# Schwinn Paramount Lives Again



## usa777 (Jul 5, 2008)

Schwinn is going to make a limited run of Waterford Schwinn Paramounts for 2009. ($5500 retail I believe). They are going to make a sweet Carbon Paramount (Taiwan) with Sram Red. They are going to make two models. Peloton will be the 3 and 4th model down. Fastback will be the 5 and 6th models down. They are going to also have some sweet fixed gear bikes. The Prologue got many updates. The new GT's look very nice also along with some nice fixed gear bikes. The Cannondale Sports Group is going to be hard to beat for value for 09. The 09 Cannondale, GT and Schwinn bikes are very nice.


----------



## Reventon (Aug 4, 2008)

Glad to hear that they are making moves to improve their line.


----------



## black cross (May 15, 2006)

What info do you have on the fixies from Schwinn for 09'? This cooperation seems like a good move on both Schwinn's and Waterfords part. I would guess that they would like the production numbers.


----------



## black cross (May 15, 2006)

I just stopped by the LBS and saw the 09' line-up. The new Paramount looks VERY NICE. The chrome lugs and rear stays look great on the red frame. Hopefully photos will be posted from Interbike. The shop owner was out so I could not find out msrp.


----------



## Scooper (Mar 4, 2007)

black cross said:


> I just stopped by the LBS and saw the 09' line-up. The new Paramount looks VERY NICE. The chrome lugs and rear stays look great on the red frame. Hopefully photos will be posted from Interbike. The shop owner was out so I could not find out msrp.

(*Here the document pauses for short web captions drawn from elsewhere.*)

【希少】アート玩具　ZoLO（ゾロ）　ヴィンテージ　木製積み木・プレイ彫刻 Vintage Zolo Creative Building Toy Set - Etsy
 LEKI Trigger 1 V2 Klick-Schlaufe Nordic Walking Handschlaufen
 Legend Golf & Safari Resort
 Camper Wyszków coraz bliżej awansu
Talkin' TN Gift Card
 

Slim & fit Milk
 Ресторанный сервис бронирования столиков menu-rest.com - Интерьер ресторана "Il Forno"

MSRP for the 70th Anniversary Waterford-built lugged 953 frameset is $7,000. Each frame will be custom fitted using the Waterford Fitmaster and built for the purchaser, and production will be limited to 70 framesets.


----------



## Richard (Feb 17, 2006)

It seems to me that one could go directly to Waterford and get a custom 953 frame for a lot less.

Plus, when that yabbo on a Wal-Mart Schwinn pulls up next to you at a stoplight you won't have to endure "Hey, I've got a Schwinn too!"


----------



## black cross (May 15, 2006)

In these tight economic times, how do you think these frames will sell? They are really nice, but I would guess their target market has lost a lot of funds in the past month.


----------



## Scooper (Mar 4, 2007)

black cross said:


> In these tight economic times, how do you think these frames will sell? They are really nice, but I would guess their target market has lost a lot of funds in the past month.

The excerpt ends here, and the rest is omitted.